I commented here in considerable dudgeon about the Southern Living Best Barbecue in Every Southern State selections in Missouri and Virginia. I also bemoaned the omission of Maryland. As I explained, the selections were made not by Robert Moss, their barbecue editor and a man of discernment, but by the readers who responded to Southern Living’s annual Best of the South survey.

So much for Missouri, Virginia, and Maryland. As to the other states, the reading public selected places which I have not visited, including North Carolina (Buxton Hall in Asheville), Florida (the Winter Park original of the 4 Rivers Smokehouse chain), Kentucky (Starnes in Paducah), Louisiana (The Joint in New Orleans), Mississippi (The Shed in Ocean Springs), and Oklahoma (Oklahoma Joe’s in Stillwater). I don’t have anything to say about those, other than I hear that Buxton Hall will put blueberry-chipotle sauce on defenseless ribs, and they’d have to go a long way to live that down.

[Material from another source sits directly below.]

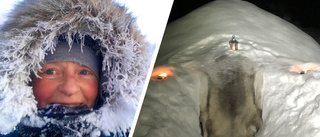 Gotländskan bodde i en igloo – i 42 minusgrader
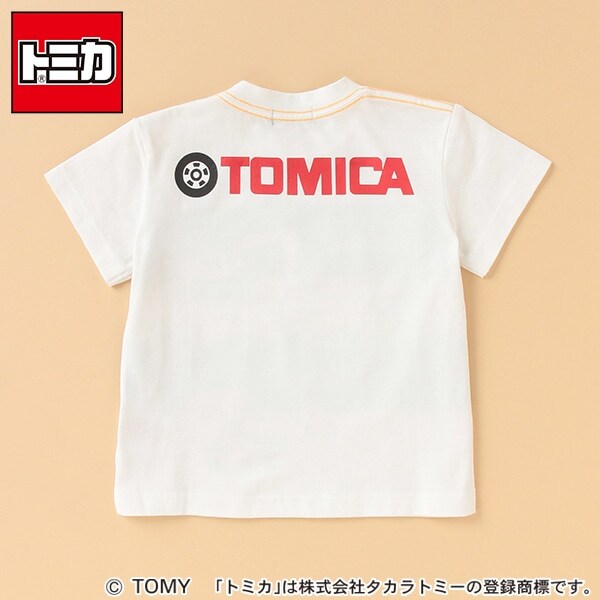 Narumiya Online ナルミヤ オンラインの公式通販サイト トミカ 働く車半袖tシャツ 90 オフ ホワイト キッズ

I do have disagreements about the others not, as before, because the place the readers selected was horrible, but because there are better places.

Alabama

The Alabama selection illustrates a problem of “Best Barbecue” lists. Alabama is a great place not only for ribs, but perhaps more for wonderful pork shoulders, and for their famed chicken with white sauce. How can you really compare ribs and pork shoulders? It’s apples and oranges.

At any rate, for Alabama, the readers selected the original Dreamland (reviewed here) on Jug Factory Road in Tuscaloosa, which used to be mentioned repeatedly in every national broadcast of an Alabama football game: huge name recognition. Dreamland sells ribs, quite good ribs, and their sauce is delicious: poured on white bread, it’s one of the great appetizers or side dishes. The original location wins out over the other locations mainly on atmosphere. Dreamland is not, however, nearly as good as Archibald’s across the river on MLK in Northport.

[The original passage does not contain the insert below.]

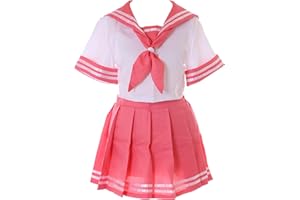 Kawaii-Story MN-210 różowo-biały marynarz mundurek szkolny, 6-częściowy garnitur Seifuku, damski kostium Cosplay od Astolfo dla fanów Fate Grand Order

As I wrote here, Archibald’s simply has the best ribs on the face of the earth. The absolute best.

And pork shoulders. The pork shoulder vote undoubtedly was split among SAW’s, Miss Myra’s, Bob Gibson’s, and other great places — I’m leaving out so many — too numerous to mention. Click those three links and then search “Alabama” for a world of great barbecue.

Arkansas

McClard’s was the reader selection for Best Barbecue in Arkansas. Nancy and I ate there during our long return from my teaching stint at Baylor Law School, and I was lucky to be able to go. Nancy had put her foot down after I insisted upon stopping at two barbecue places for lunch the day we left. Fortunately, it was Bill Clinton’s favorite barbecue place when he was growing up in Hot Springs, and that got her to relent. McClard’s is a good place. The pork was good and they also have hot tamales — the big Mexican tamales, not the smaller Delta tamales. The tamales were good, too.

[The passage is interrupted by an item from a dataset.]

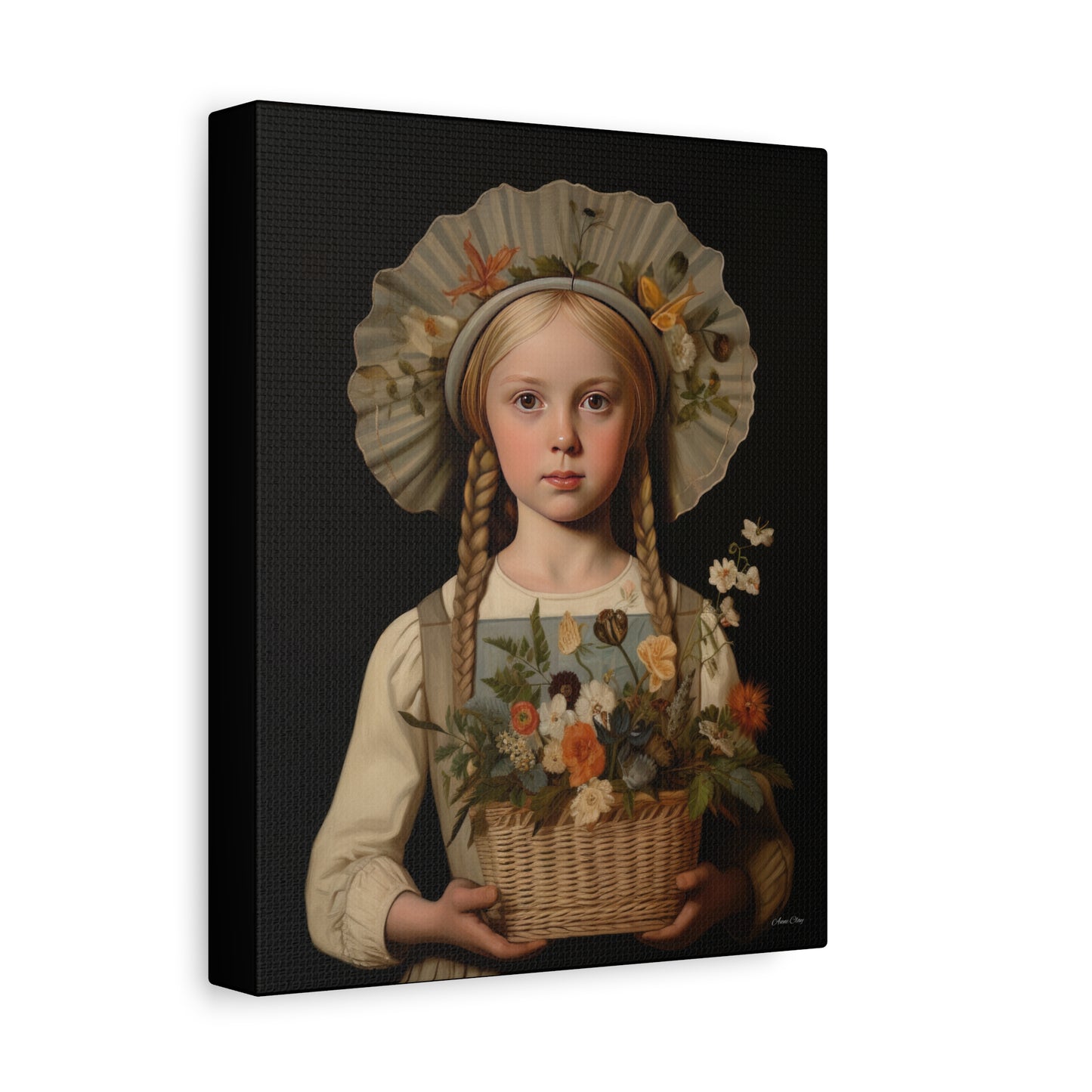 Flower Girl Matte Canvas, Stretched, 1.25"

So McClard’s was good, but not as good as the Dixie Pig in Blytheville, reviewed here. I had a sandwich there during my Great Memphis Region Barbecue Sandwich Tour. It was as close to the Platonic ideal of a barbecue sandwich as I have had, with the richness of pit-cooked pork, the crunch and bitter flavor of raw cabbage, and the tang of a great vinegar and pepper sauce. It’s well worth a 100-mile drive. Indeed, there’s a guy from Demopolis, Alabama who goes to Blytheville periodically and buys 100 barbecue sandwiches, freezes them, and eats them daily until he needs to buy some more.

Georgia

Southern Living readers named Wiley’s Championship Barbecue as best in Georgia. I ate there years ago, and it may have been the best place in Savannah, anyway. Among the places I’ve eaten in Georgia, though, I’d go with B’s Cracklin’ BBQ in Savannah (reviewed here, and now in Atlanta as well).

Let’s see. That leaves South Carolina, Tennessee, and Texas. Oh, and Washington, DC. I’ll save them for another post. Meanwhile, stay safe and get some carry-out barbecue. The places near you need some help in this crisis.